• REQUIREMENT: In duplicating the lines below, keep every word unchanged and drop the pictures.

• MATERIAL PROVIDED:
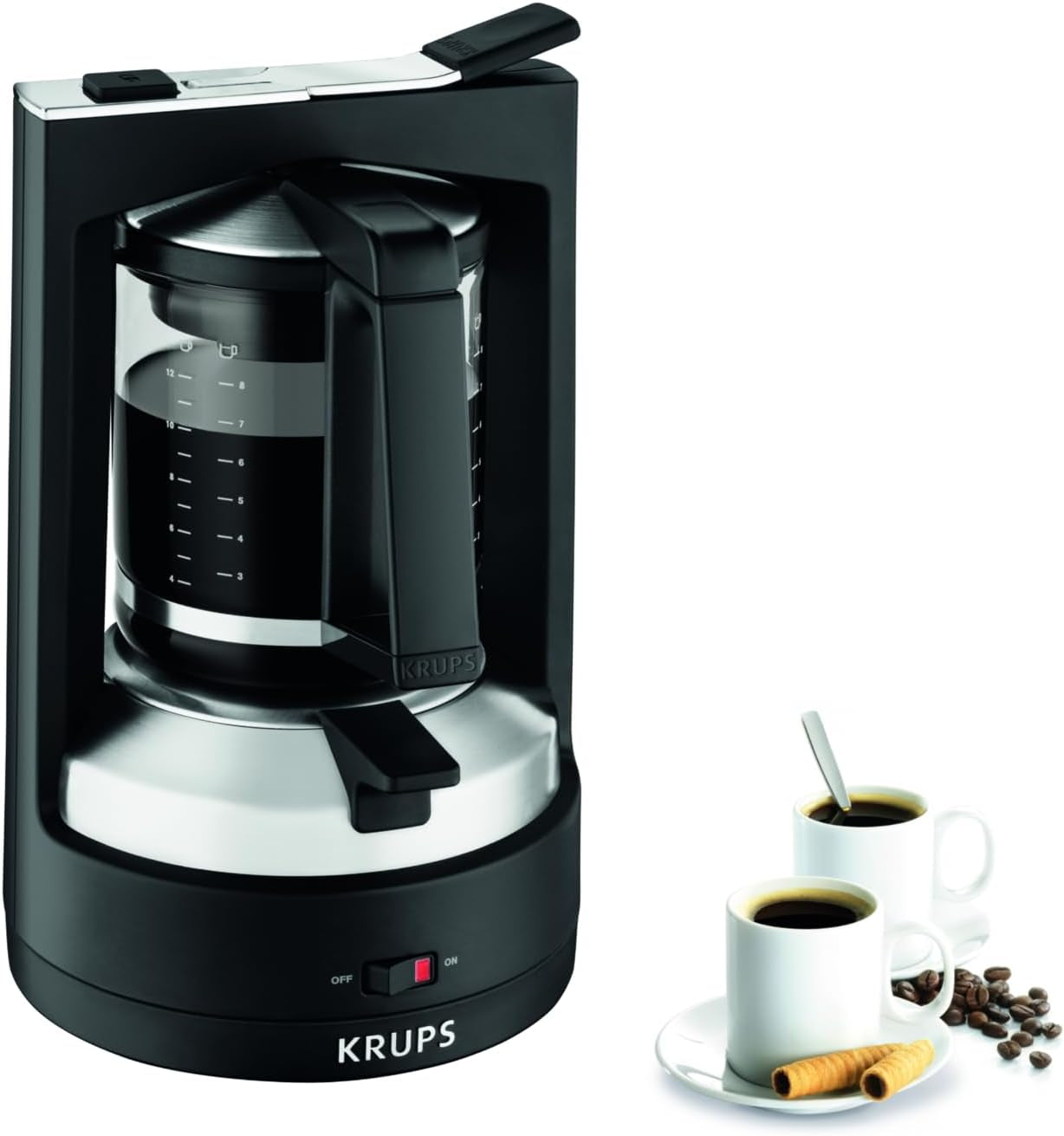 Macchina per caffè espresso con filtro Krups T8, 850 Watt, spegnimento automatico, 8-12 tazze, capacità 1 litro, filtro permanente, interruttore on/off illuminato, facile da usare, nero, KM4689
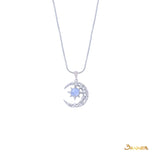 Star Sapphire and Diamond Light of Stars & Moon Charm Pendant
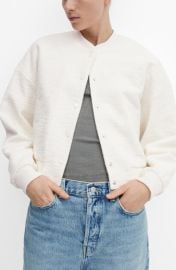 MANGO Tweed Bomber Jacket at Nordstrom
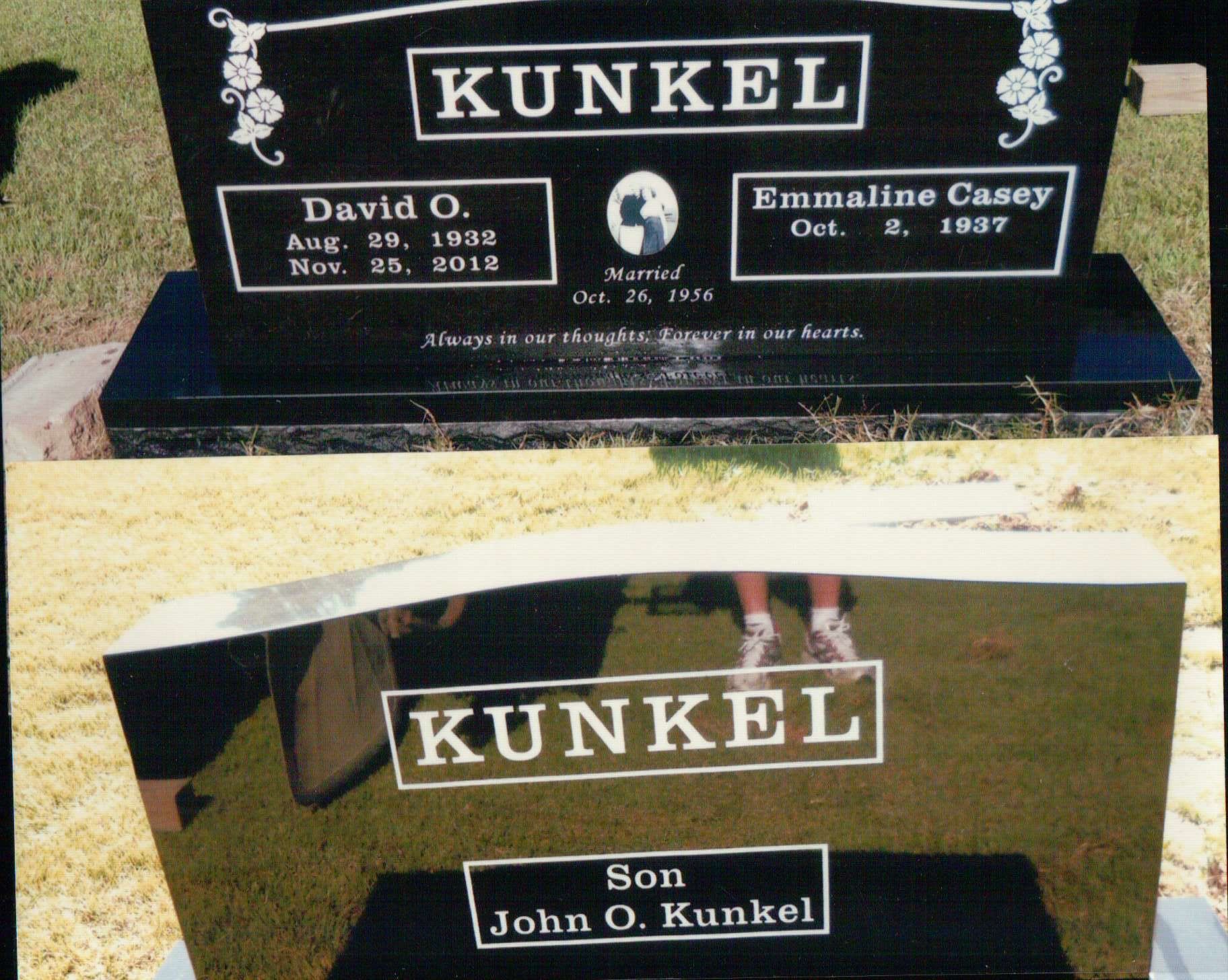 Two black granite grave markers for the Kunkel family, one listing David O. and Emmaline Casey, and one for John O. Kunkel.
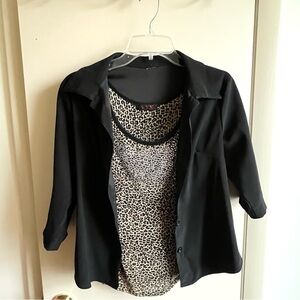 Light Business Blazer Suit Jacket & tank top Size PS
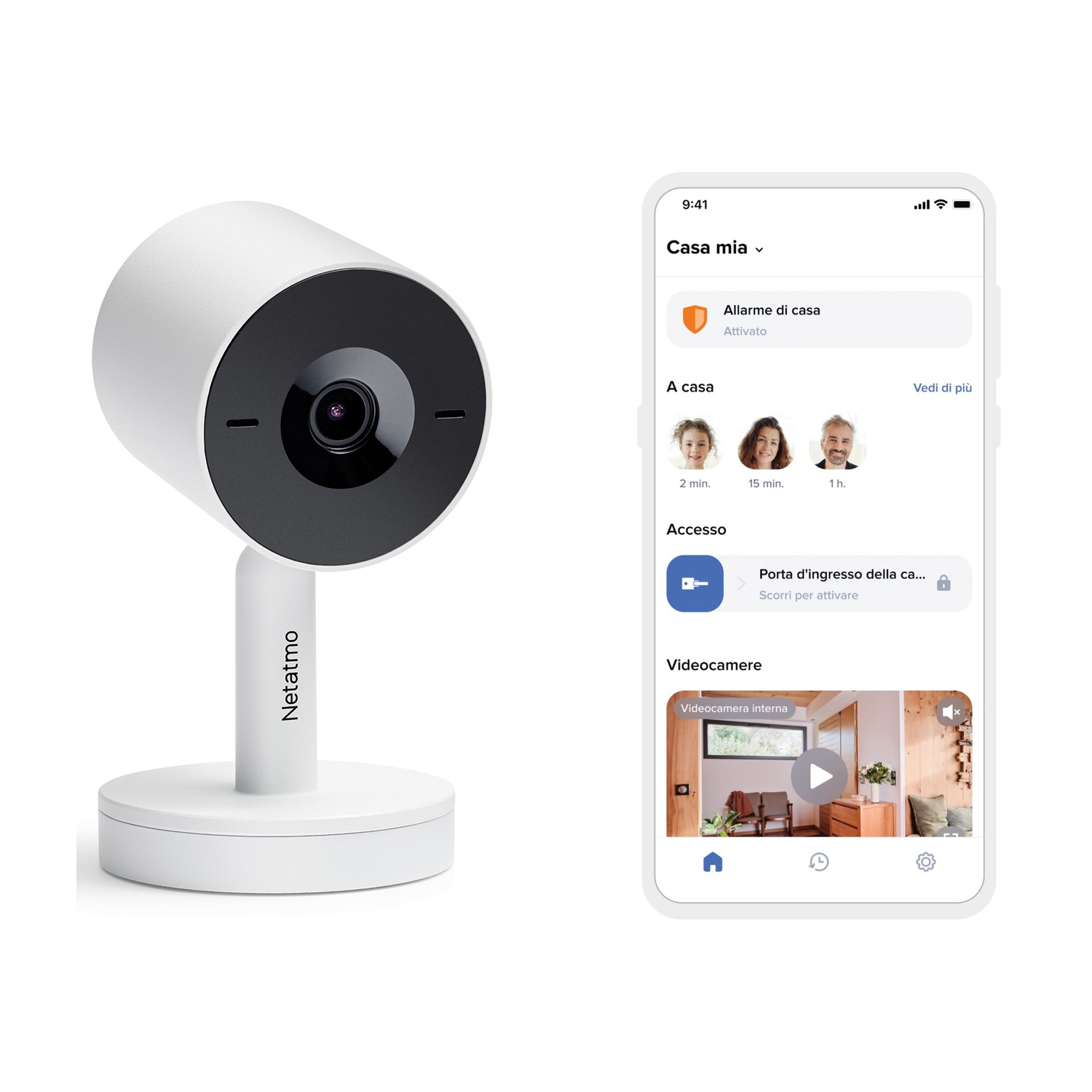 Telecamera di sicurezza bianca e smartphone con interfaccia app di sicurezza.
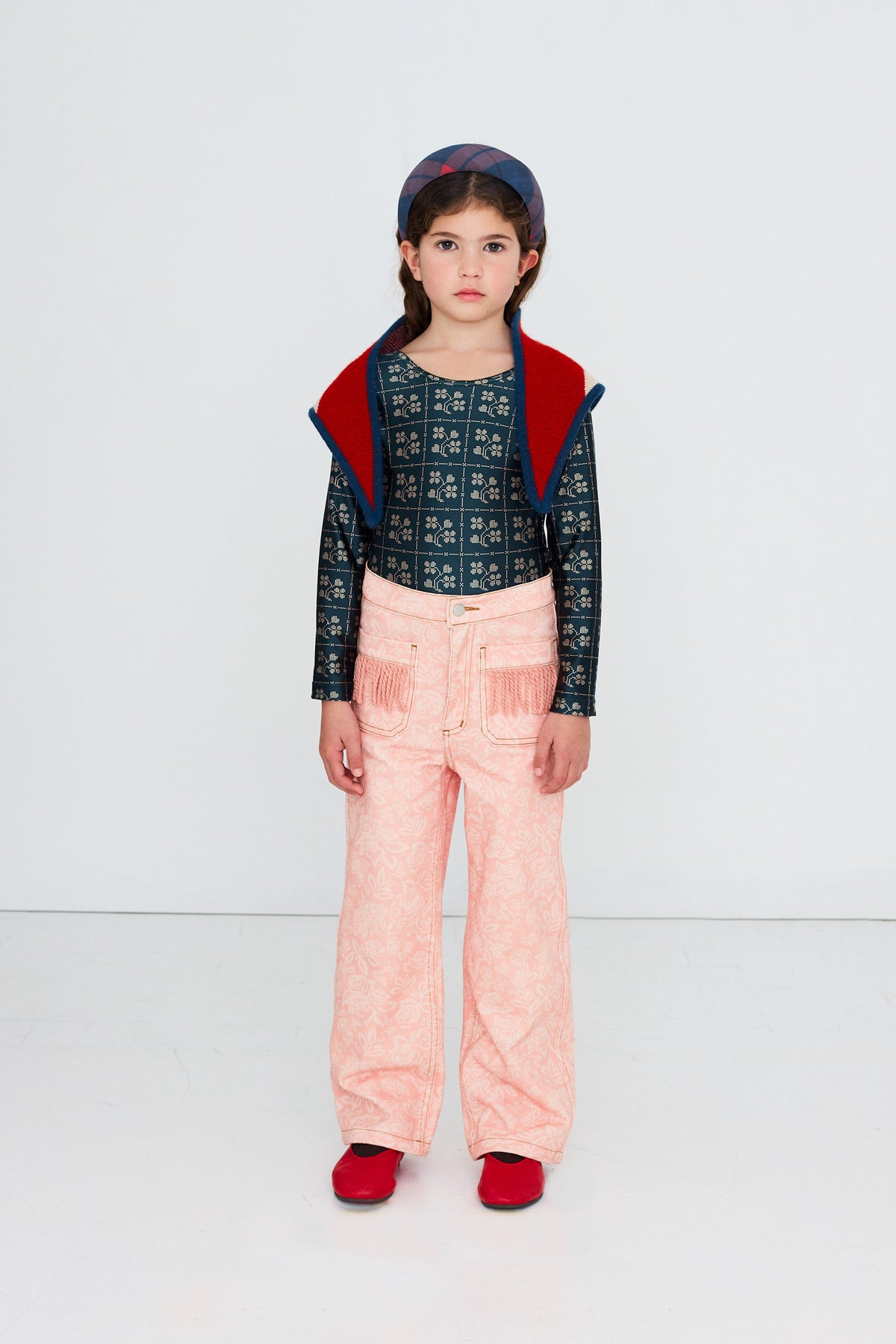 White Roses Fringe Denim Jeans| Kids Wear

• FINISHED EXERCISE:
 Macchina per caffè espresso con filtro Krups T8, 850 Watt, spegnimento automatico, 8-12 tazze, capacità 1 litro, filtro permanente, interruttore on/off illuminato, facile da usare, nero, KM4689
 Star Sapphire and Diamond Light of Stars & Moon Charm Pendant
 MANGO Tweed Bomber Jacket at Nordstrom
 Two black granite grave markers for the Kunkel family, one listing David O. and Emmaline Casey, and one for John O. Kunkel.
 Light Business Blazer Suit Jacket & tank top Size PS
 Telecamera di sicurezza bianca e smartphone con interfaccia app di sicurezza.
 White Roses Fringe Denim Jeans| Kids Wear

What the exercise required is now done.